### SOURCE DATA

---

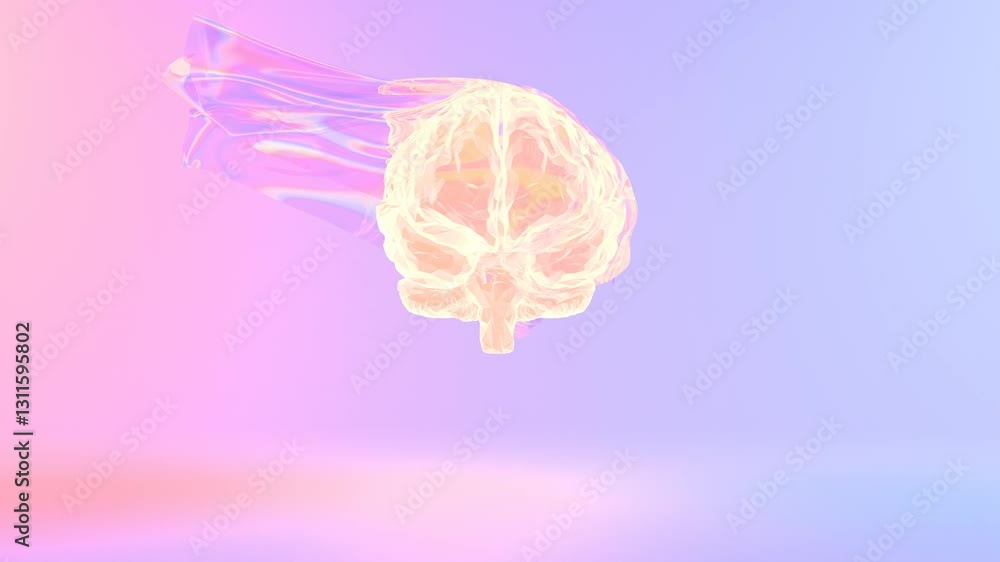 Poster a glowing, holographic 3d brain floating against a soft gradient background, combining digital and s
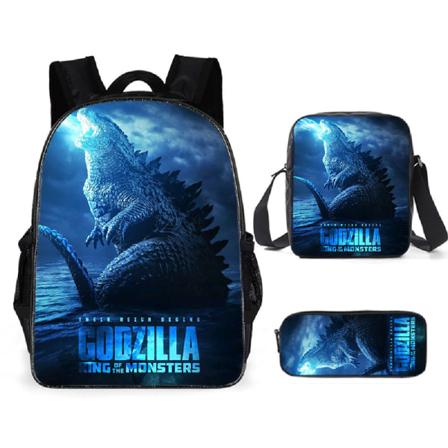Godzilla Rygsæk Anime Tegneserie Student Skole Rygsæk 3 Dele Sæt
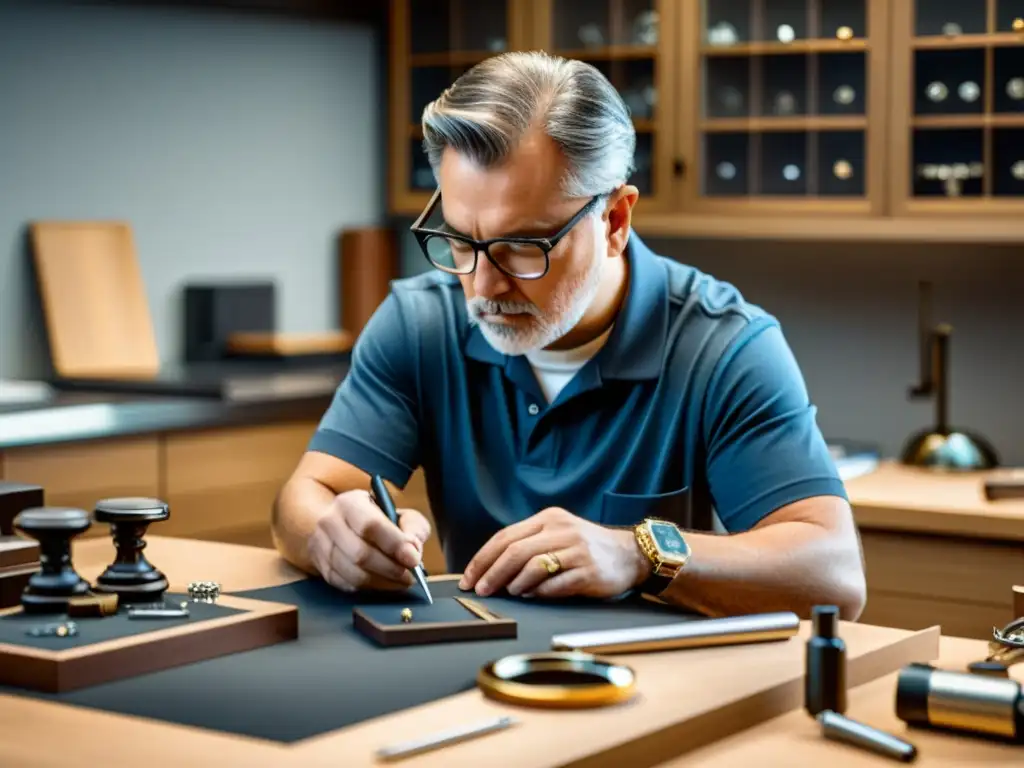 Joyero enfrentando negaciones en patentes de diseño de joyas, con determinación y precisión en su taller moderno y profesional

---

### WHAT YOU WILL DO
Skipping the pictures, transcribe each line above exactly as it appears.

### EXERCISE OUTPUT
 Poster a glowing, holographic 3d brain floating against a soft gradient background, combining digital and s
Godzilla Rygsæk Anime Tegneserie Student Skole Rygsæk 3 Dele Sæt
 Joyero enfrentando negaciones en patentes de diseño de joyas, con determinación y precisión en su taller moderno y profesional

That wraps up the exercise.